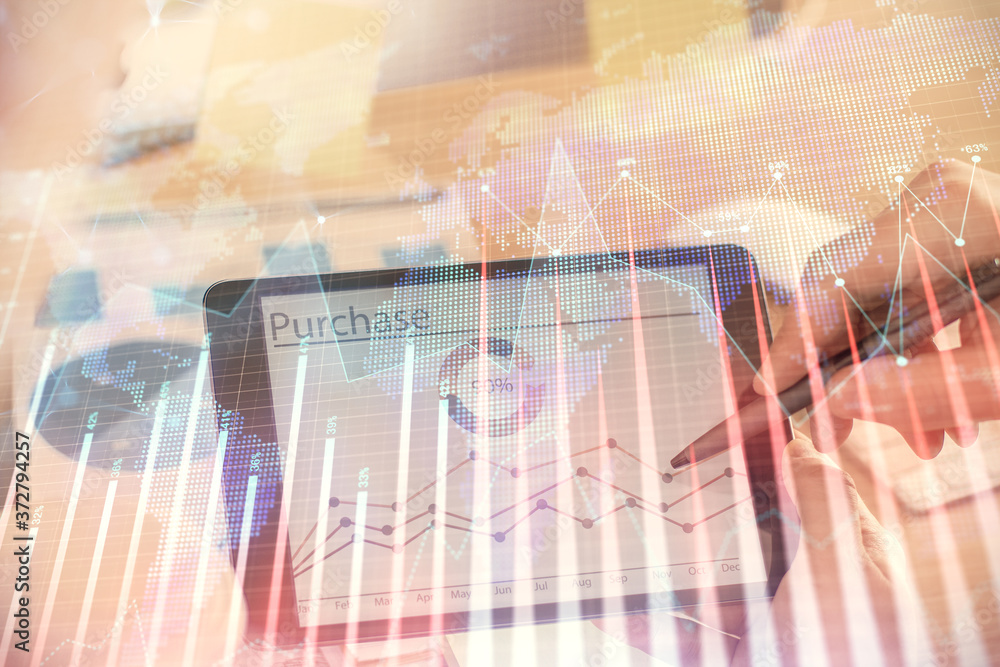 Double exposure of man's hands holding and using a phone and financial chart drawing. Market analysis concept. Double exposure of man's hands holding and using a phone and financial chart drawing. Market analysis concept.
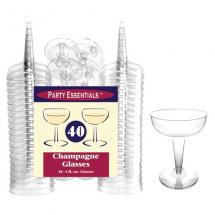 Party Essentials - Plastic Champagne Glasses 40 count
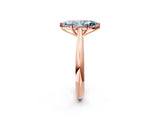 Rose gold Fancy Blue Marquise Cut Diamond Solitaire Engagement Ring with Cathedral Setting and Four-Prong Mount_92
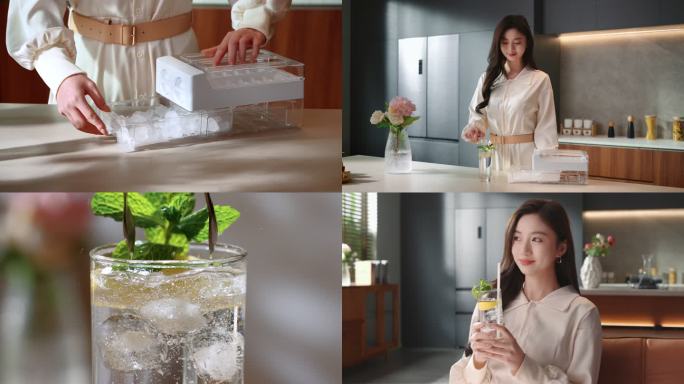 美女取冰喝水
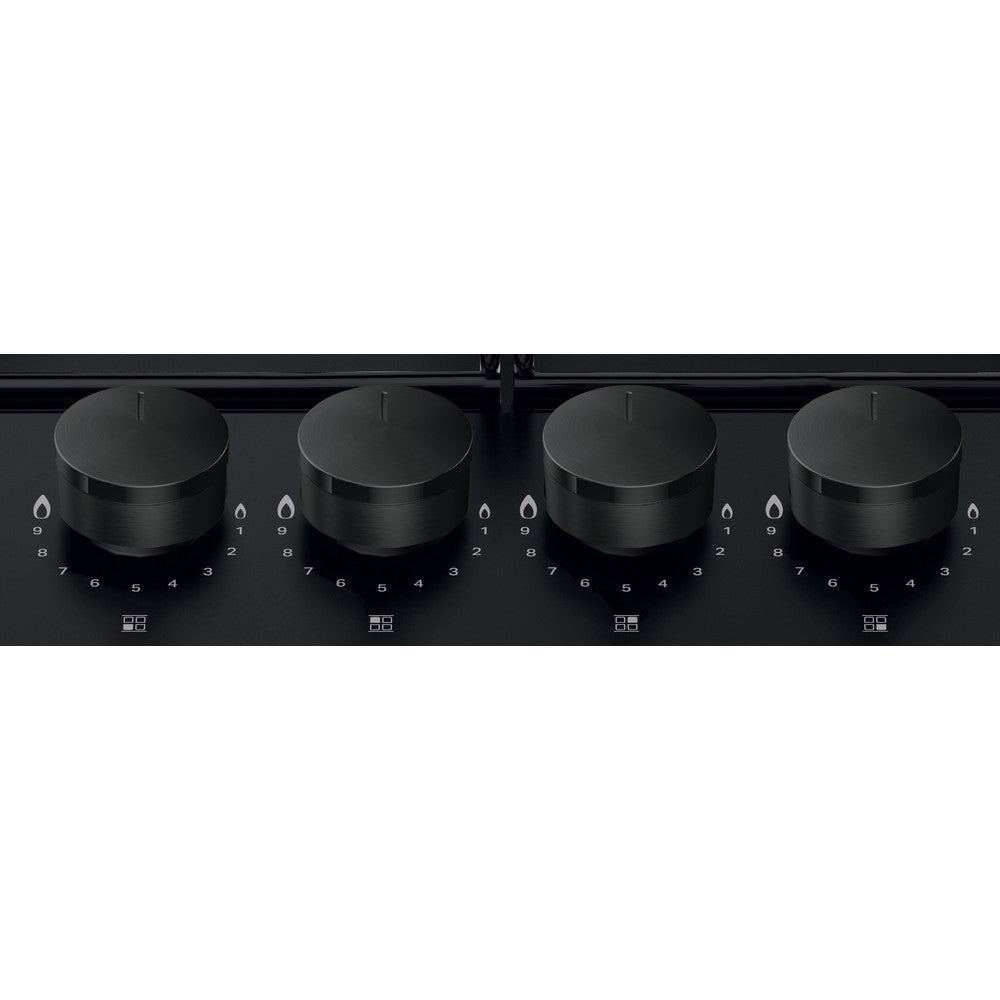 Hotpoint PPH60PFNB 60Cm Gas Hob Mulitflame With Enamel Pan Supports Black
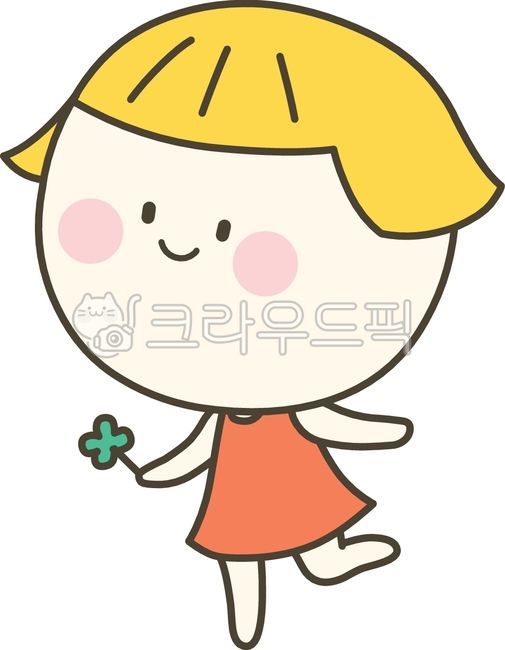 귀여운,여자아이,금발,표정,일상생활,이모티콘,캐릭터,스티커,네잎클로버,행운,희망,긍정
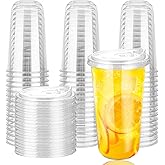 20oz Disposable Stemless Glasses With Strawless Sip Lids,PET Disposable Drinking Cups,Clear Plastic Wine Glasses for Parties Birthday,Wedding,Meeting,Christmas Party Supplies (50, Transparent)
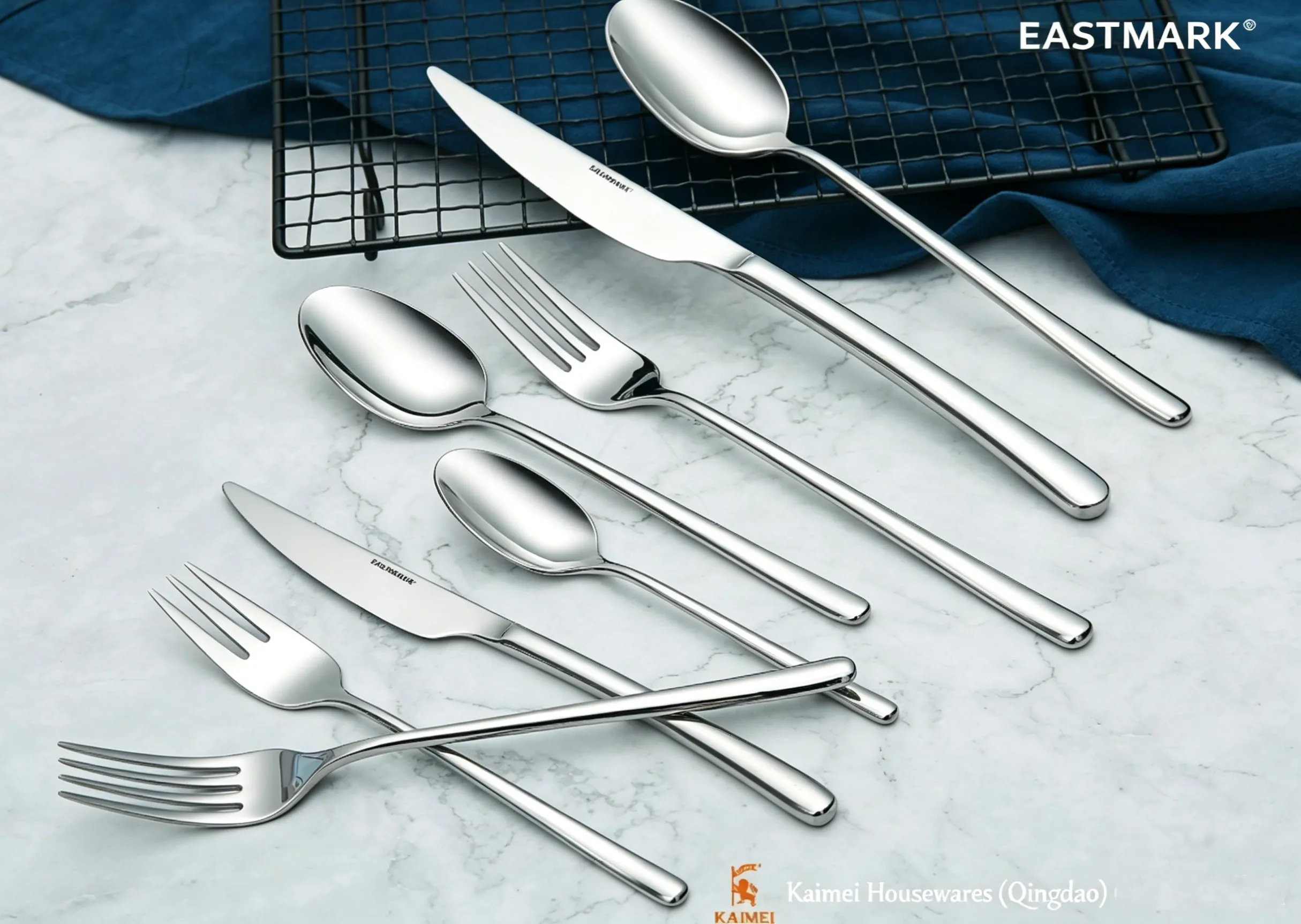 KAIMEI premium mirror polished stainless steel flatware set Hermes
:::
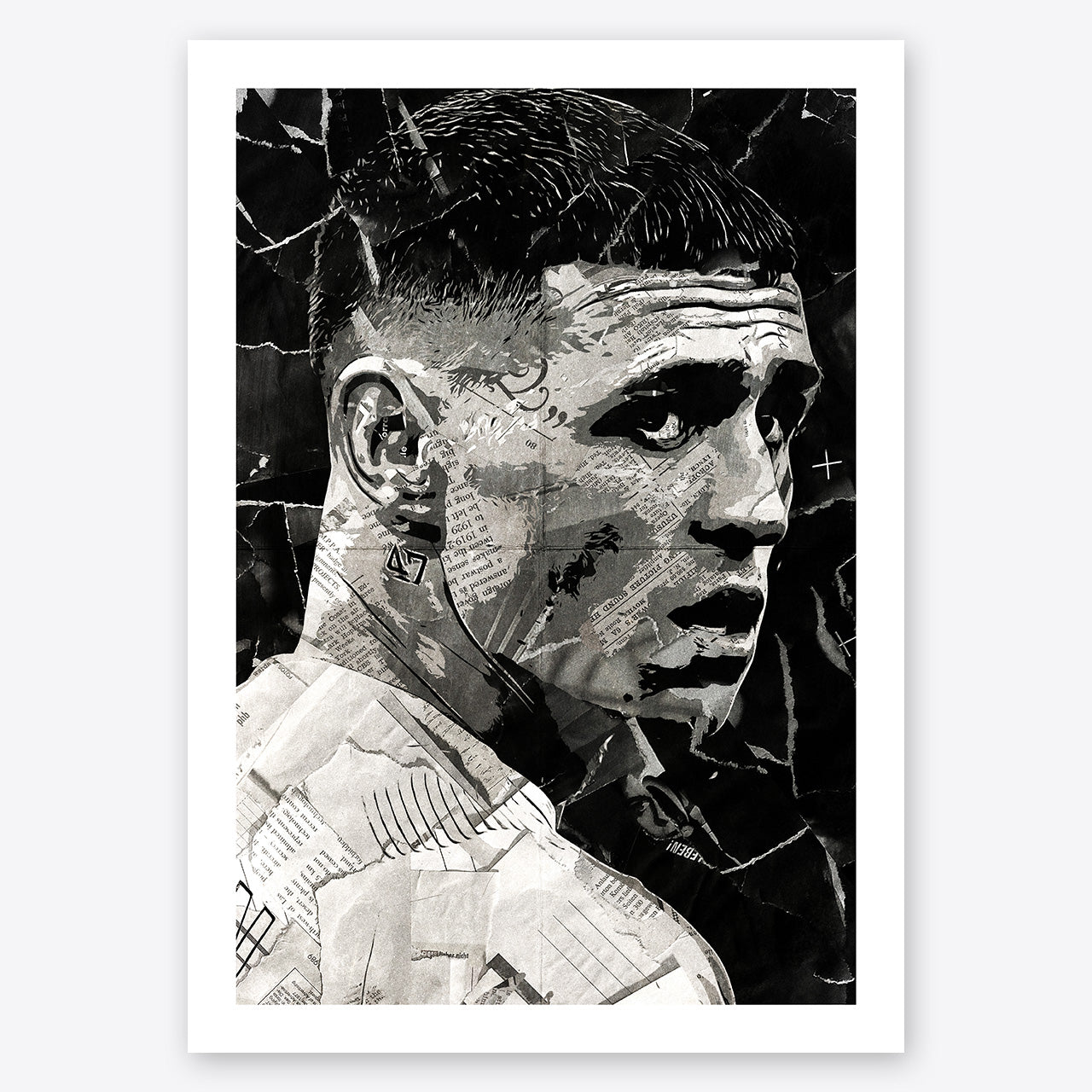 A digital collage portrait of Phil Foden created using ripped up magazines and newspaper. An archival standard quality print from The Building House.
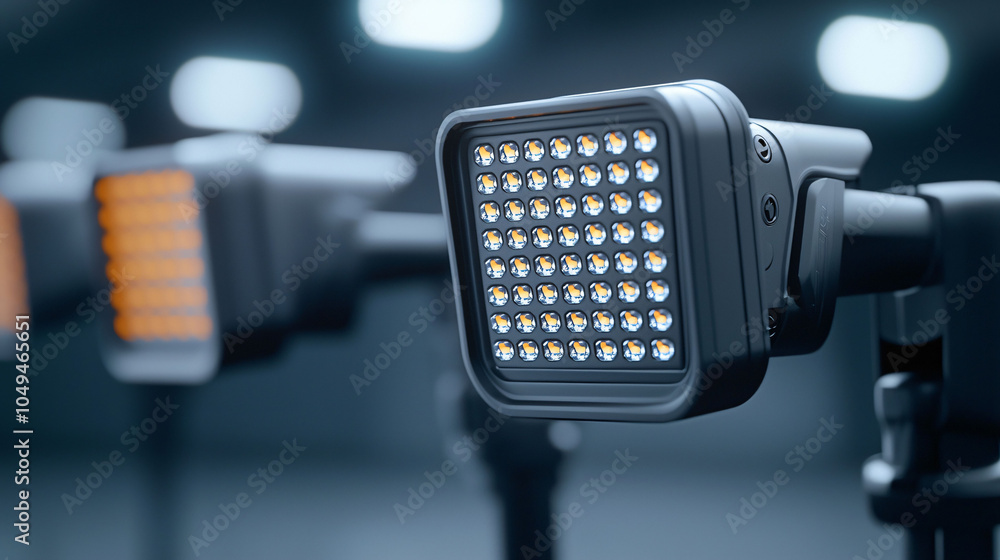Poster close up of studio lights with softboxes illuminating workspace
:::
### Work item
Please print the lines above word for word, starting at the one with "귀여운,여자아이,금발,표정" and ending at the one with "KAIMEI premium mirror", both included, and without any picture.

### Answer below
 귀여운,여자아이,금발,표정,일상생활,이모티콘,캐릭터,스티커,네잎클로버,행운,희망,긍정
 20oz Disposable Stemless Glasses With Strawless Sip Lids,PET Disposable Drinking Cups,Clear Plastic Wine Glasses for Parties Birthday,Wedding,Meeting,Christmas Party Supplies (50, Transparent)
 KAIMEI premium mirror polished stainless steel flatware set Hermes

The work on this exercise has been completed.